Asia’s major markets rebounded on Wednesday as hopes rose that Russia won’t invade Ukraine now, after Moscow said some of its troops on the countries’ border had started pulling back.
The Russian claims provided some much-needed relief for investors, who had grown increasingly fearful of a conflict in Eastern Europe after Western powers warned for days that an attack was imminent.
The news also helped traders brush off another forecast-busting surge in the US producer price index that some warned could indicate another painful jump in consumer inflation down the line.
Equities were sent into a spiral after a top US security adviser said on Friday that Russian President Vladimir Putin could send troops into Ukraine any day, adding to a range of risk-off issues plaguing the markets including soaring prices, the end of central bank financial support and the coronavirus pandemic.
But the mood lifted on Tuesday after Russia’s defence ministry said some of the more than 100,000 soldiers massed on the Ukraine border in recent weeks had started to return to their barracks.

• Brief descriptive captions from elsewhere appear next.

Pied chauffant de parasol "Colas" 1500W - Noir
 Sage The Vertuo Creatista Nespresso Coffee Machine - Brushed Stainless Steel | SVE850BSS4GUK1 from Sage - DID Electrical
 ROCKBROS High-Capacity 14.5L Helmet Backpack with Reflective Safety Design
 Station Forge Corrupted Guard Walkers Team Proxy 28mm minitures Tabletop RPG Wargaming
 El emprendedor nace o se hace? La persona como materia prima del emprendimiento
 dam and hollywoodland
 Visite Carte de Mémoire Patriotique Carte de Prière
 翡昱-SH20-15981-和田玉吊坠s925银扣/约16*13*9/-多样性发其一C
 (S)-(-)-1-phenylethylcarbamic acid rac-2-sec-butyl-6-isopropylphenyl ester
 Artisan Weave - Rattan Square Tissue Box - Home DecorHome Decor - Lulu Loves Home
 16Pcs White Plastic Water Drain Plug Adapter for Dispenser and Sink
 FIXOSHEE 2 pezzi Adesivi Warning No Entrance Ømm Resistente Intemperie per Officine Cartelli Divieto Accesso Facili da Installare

Then, after three hours of talks, Putin and German Chancellor Olaf Scholz held a news conference in which the Russian leader confirmed a “partial pullback of troops” and said he was willing to look for diplomatic solutions to the crisis, adding that “of course” he did not want war.
While politicians remained wary, investors jumped on the positive developments. All three Wall Street indexes jumped after three days of hefty losses, which were also fanned by inflation worries.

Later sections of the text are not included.